The criminals in such stories kill from motives that would never drive anyone we know to an act of violence: for instance, the desire to prove that one is more intelligent than the police (big deal). The author tells his story with a frivolous, Hitchcockian amusement, suggesting that his attitude is really the same as his imaginary killer's—murder, the ultimate act of cruelty, is treated as a pretext for a pointless display of cleverness.


Of course, this is not the sort of story Ross MacDonald writes. He is by all accounts the best living exponent of a tradition that rejected this sort of mystery writing about 60 years ago. That tradition, which is most often called "hard-boiled detective fiction," was developed by a group of American pulp magazine writers in the 1920s. Certainly the best of them was former Pinkerton detective Dashiell Hammett, whose first novel, Red Harvest, was published in 1929. With the appearance of this bloody yarn, as Raymond Chandler later said, "Hammett took murder out of the Venetian vase and dropped it into the alley"; he "gave murder back to the kind of people who commit it for a reason, not just to provide a corpse."

This gritty and sometimes shocking realism was the most obvious innovation of Hammett and the other early hard-boiled writers. More important was the fact that they created an alternative to the bemused detachment that dominated English crime writing at the time. Of course, the alternative could not mean avoiding detachment altogether: mysteries are written and read in larger quantities than other types of fiction, and no one who is not sadistic or masochistic could either read or write many tales of murder in a state of sensitive and passionate involvement.

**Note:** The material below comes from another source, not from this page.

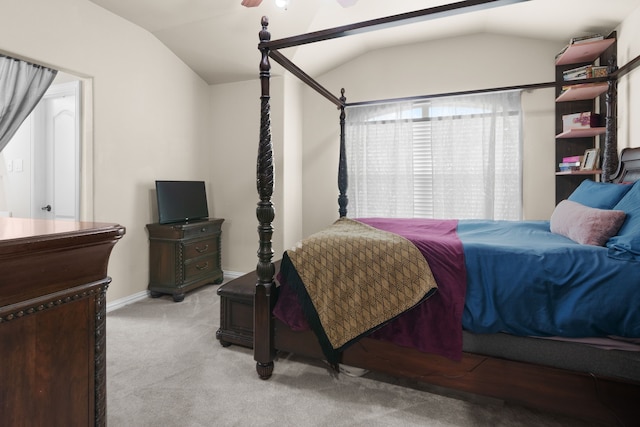 carpeted bedroom featuring baseboards and vaulted ceiling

What they created was a new and more honest kind of detachment: a distinctive bullet-biting toughness. Their humor was bitter and ironic, and not cute, as befits their subject matter. This new attitude, which is exactly what is "hard-boiled" about this kind of writing, makes it possible to acknowledge the real horror of human destructiveness while holding the distance needed to preserve one's sanity.

Hammett was the great pioneer. Raymond Chandler built on the foundations laid by Hammett's brisk, sophisticated melodramas in a series of novels beginning with The Big Sleep (1939), adding some things that were entirely his own—mainly, a vividly atmospheric style as richly orchestrated as a Puccini opera. Each of Chandler's stories is a journey to another time and place—usually in and around the Los Angeles of the '30s and '40s—and each time he convinces us that we know how it looks and smells.

Unlike Hammett (who only wrote five novels) and Chandler (who wrote a total of seven), Ross MacDonald has been consistently productive, writing a book about every year and a half for the past three decades. The Blue Hammer, his latest, shows that he is still going strong: it is one of his best. Yet although he is by far a more dependable producer, readers who love his two classic predecessors sometimes find MacDonald disappointing. Next to Hammett's exhilarating directness and moral simplicity, MacDonald's psychological studies—full of Freudian themes and hints of the complexity of moral truth—can seem pretentious. They don't have the sort of atmosphere that Chandler's stories have: the reader is only aware of time and place to the extent that the author explicitly tells him when and where the story is supposed to be taking place.

There really isn't much to distinguish his novels from one another, and it is hard to remember which is which after one has read several. One MacDonald reader told us that she finds herself beginning one only to realize she has read it before. They have an unusually large cast of characters (about 15 important ones in each), and the author makes no attempt to explore any one of them in depth. While we remember all five of the major characters in Hammett's The Maltese Falcon with a sort of reluctant affection, we generally don't remember MacDonald's characters as individuals at all.

We should think twice, though, before holding against him the near-interchangeability of his books. He is easily good enough that if he misses achieving a certain effect, he must not be aiming at it. To appreciate what he does achieve, we have to look where he is aiming.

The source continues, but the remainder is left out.